_PROBLEM STATEMENT_: Nothing but the lines from the start of the records below through the line that has "NO.595 UK Horse Racing 10 July 2025" should appear, each exactly as given.

_PROVIDED DATA_:
■ ■ ■ ■
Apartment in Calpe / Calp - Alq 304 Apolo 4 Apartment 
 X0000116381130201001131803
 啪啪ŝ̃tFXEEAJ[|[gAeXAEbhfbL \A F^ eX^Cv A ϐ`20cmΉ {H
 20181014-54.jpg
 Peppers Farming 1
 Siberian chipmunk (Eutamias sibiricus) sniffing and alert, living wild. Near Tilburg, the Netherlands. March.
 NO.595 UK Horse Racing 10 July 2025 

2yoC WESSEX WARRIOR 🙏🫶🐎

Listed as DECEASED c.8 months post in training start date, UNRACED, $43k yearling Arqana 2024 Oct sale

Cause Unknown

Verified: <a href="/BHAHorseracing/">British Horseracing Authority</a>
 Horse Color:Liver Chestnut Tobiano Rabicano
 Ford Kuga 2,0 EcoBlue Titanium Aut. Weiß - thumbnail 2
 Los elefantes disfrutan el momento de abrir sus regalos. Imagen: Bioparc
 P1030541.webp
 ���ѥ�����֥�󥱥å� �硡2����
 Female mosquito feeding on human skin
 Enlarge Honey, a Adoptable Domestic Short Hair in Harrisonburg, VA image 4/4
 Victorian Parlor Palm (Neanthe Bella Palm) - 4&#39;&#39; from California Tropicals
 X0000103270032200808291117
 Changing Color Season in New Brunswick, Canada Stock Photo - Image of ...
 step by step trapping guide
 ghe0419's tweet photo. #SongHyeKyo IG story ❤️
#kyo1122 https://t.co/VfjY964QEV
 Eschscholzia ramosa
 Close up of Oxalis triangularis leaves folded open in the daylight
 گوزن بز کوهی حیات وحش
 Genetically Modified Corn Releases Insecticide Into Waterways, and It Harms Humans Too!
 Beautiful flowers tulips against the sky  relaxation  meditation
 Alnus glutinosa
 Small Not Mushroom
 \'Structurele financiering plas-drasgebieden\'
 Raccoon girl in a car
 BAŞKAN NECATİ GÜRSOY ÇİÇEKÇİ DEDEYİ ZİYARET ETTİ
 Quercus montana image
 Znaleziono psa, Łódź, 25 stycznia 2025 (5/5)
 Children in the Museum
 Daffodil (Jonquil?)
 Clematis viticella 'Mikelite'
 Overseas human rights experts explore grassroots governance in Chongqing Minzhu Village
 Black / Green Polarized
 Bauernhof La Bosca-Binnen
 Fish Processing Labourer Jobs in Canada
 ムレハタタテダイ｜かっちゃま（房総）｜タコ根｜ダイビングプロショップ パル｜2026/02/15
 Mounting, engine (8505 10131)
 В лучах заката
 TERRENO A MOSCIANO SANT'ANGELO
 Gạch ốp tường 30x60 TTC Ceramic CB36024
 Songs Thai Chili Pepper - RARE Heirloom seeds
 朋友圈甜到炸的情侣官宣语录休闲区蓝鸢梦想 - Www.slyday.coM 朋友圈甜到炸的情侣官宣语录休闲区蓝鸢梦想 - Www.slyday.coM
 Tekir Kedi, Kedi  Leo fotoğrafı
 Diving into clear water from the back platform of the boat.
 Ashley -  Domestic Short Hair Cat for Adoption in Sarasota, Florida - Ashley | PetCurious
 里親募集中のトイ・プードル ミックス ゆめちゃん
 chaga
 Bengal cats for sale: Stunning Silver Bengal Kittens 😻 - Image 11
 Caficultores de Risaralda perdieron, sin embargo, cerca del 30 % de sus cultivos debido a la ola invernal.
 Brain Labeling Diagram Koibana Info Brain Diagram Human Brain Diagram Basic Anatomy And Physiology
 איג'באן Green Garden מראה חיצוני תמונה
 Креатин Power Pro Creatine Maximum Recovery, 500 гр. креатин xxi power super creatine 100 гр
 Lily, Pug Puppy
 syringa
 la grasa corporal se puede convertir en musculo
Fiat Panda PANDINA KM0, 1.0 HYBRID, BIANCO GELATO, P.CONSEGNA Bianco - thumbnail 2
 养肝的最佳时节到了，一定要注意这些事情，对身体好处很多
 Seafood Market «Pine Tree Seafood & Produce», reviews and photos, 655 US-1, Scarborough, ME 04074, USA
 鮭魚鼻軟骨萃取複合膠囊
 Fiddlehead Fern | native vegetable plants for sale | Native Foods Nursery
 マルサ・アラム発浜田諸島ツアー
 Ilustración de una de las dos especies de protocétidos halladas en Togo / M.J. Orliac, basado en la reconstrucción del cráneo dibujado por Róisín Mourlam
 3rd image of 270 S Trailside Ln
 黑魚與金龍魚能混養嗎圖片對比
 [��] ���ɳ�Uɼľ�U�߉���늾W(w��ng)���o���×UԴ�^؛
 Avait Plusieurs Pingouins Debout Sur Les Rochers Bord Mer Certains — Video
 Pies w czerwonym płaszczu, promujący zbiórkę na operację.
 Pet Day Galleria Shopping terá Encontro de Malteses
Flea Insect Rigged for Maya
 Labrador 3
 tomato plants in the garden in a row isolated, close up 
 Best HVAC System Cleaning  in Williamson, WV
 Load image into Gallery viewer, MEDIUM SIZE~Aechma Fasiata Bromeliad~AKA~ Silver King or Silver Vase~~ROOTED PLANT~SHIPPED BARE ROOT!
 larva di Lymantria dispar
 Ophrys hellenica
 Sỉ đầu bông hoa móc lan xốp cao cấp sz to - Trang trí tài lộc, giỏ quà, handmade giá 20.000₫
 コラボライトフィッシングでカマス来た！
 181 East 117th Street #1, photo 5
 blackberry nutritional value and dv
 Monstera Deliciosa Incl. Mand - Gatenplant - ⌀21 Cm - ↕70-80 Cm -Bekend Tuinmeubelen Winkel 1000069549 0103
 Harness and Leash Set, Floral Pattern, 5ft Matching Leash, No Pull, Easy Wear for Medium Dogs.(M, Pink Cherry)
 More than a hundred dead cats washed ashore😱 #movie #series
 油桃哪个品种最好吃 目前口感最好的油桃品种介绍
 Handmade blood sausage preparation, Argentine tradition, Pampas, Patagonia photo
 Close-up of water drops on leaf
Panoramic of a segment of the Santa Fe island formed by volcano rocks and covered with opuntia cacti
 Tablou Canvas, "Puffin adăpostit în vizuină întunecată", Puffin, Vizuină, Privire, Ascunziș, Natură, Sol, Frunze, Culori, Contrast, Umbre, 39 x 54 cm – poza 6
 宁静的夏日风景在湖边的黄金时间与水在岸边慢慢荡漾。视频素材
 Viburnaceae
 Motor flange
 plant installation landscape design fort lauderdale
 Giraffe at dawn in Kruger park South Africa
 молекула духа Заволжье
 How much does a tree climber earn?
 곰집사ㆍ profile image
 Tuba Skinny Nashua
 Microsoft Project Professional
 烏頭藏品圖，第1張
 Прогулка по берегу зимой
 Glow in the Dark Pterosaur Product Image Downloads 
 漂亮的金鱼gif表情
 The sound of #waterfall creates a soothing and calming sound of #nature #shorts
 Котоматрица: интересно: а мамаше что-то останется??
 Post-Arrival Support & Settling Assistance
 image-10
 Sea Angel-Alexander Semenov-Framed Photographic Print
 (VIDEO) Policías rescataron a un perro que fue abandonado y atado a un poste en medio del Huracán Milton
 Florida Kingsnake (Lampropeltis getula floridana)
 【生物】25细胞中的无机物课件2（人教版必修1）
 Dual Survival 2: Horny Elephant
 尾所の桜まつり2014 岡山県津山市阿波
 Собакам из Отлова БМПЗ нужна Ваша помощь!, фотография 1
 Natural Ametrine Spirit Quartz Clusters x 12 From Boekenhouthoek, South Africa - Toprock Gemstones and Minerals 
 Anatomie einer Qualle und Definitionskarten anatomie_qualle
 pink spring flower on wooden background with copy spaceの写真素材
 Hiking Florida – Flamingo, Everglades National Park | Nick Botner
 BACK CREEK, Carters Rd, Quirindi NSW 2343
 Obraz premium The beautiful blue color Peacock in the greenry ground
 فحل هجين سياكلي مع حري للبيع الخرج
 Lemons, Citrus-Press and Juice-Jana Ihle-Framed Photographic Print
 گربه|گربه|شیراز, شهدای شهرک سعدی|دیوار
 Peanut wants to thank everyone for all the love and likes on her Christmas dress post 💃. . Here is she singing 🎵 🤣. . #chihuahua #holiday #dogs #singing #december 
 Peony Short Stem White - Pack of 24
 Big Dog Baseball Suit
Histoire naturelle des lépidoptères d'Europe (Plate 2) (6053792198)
■ ■ ■ ■
_WRITTEN ANSWER_:
Apartment in Calpe / Calp - Alq 304 Apolo 4 Apartment 
 X0000116381130201001131803
 啪啪ŝ̃tFXEEAJ[|[gAeXAEbhfbL \A F^ eX^Cv A ϐ`20cmΉ {H
 20181014-54.jpg
 Peppers Farming 1
 Siberian chipmunk (Eutamias sibiricus) sniffing and alert, living wild. Near Tilburg, the Netherlands. March.
 NO.595 UK Horse Racing 10 July 2025 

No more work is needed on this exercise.